- [EXERCISE REQUIREMENTS]:
Print the listing in full, keeping every line exactly as it is.

- [STORED DATA]:
════════
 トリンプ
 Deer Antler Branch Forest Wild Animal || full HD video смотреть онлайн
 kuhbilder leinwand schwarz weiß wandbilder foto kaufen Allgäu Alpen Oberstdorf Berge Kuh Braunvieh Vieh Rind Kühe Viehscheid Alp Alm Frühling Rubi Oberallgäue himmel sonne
════════
- [RESPONSE]:
 トリンプ
 Deer Antler Branch Forest Wild Animal || full HD video смотреть онлайн
 kuhbilder leinwand schwarz weiß wandbilder foto kaufen Allgäu Alpen Oberstdorf Berge Kuh Braunvieh Vieh Rind Kühe Viehscheid Alp Alm Frühling Rubi Oberallgäue himmel sonne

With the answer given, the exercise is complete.